The ruling has no effect on Utah, with the recent passage of Amendment 3. It is, however, a moral victory for gay-rights advocates across the country, said Michael Mitchell, executive director for Equality Utah.

Judge Richard Kramer of San Francisco County's trial-level Superior Court likened the ban to laws requiring racial segregation in schools and said there appears to be "no rational purpose" for denying marriage to gay couples.

The ruling came in response to lawsuits filed by the city of San Francisco and a dozen gay couples a year ago after the California Supreme Court halted four weeks of same-sex marriage started by Mayor Gavin Newsom.

The opinion had been eagerly awaited because of San Francisco's historical role as a gay-rights battleground.

Utah is one of 17 states with an amendment defining marriage in their constitutions. California voters overwhelmingly passed a marriage law in 2000 that said, "Only marriage between a man and a woman is valid or recognized in California." Monday's ruling deems that law unconstitutional.

"It takes issue of what marriage means in California away from the people, and one judge announces what marriage really is," said Monte Stewart, president of the Utah-based Marriage Law Foundation.

Such a hot political battle is not likely to find a home in Utah anytime soon, Mitchell said.

"We don't have activist liberal judges in Utah, so I can't really see that Utah anytime soon is going to be overturning Amendment 3," Mitchell said. "Utah is just not fertile ground to do some kind of court case right now."

The state maintained that tradition dictates that marriage should be limited to opposite-sex couples. Attorney General Bill Lockyer also cited the state's domestic-partners law as evidence that California did not discriminate against gays.

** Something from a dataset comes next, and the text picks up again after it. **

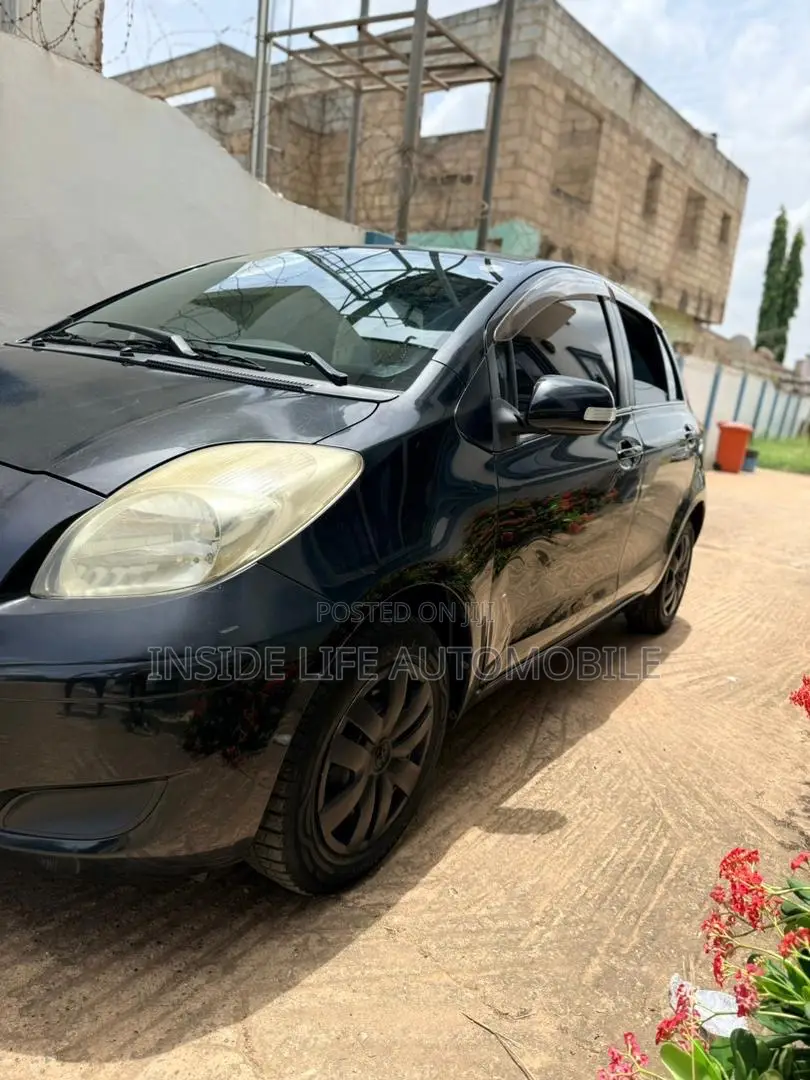 Toyota Vitz 2010 Black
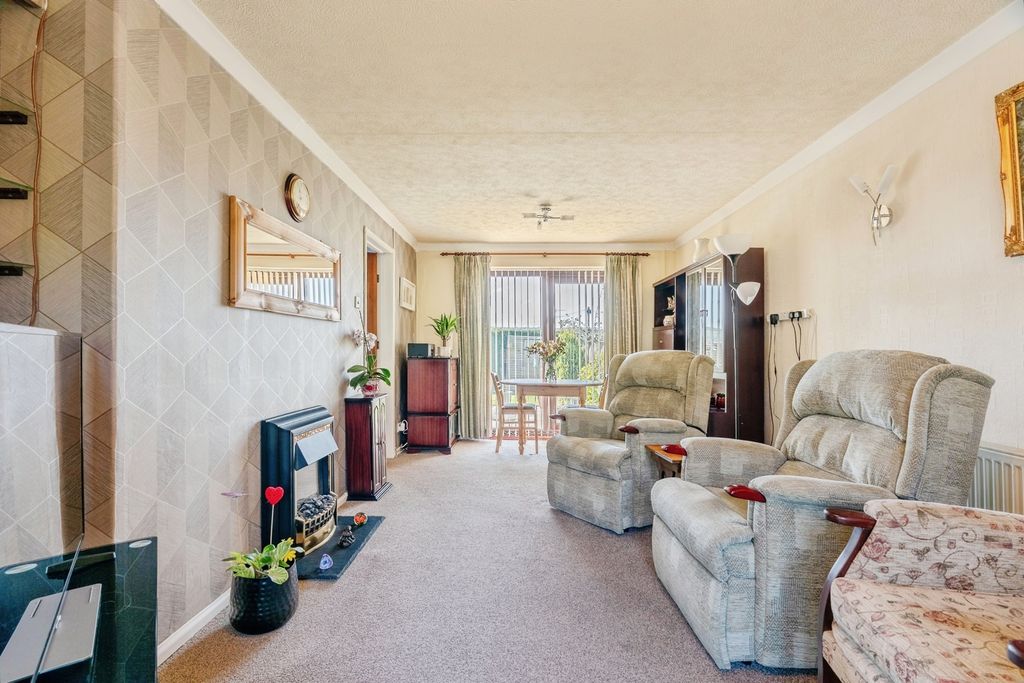 Property photo 3 of 23 Pbox-Img.Jpg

But Kramer rejected that argument, citing Brown v. Board of Education — the landmark U.S. Supreme Court decision that struck down segregated schools.

"The idea that marriage-like rights without marriage is adequate smacks of a concept long rejected by the courts — separate but equal," the judge wrote.

It could be months or years before the state actually sanctions same-sex marriage, if ever.

Robert Tyler, an attorney with the conservative Alliance Defense Fund, said the group would appeal. And Lockyer has said in the past that he expected the matter eventually would have to be settled by the California Supreme Court.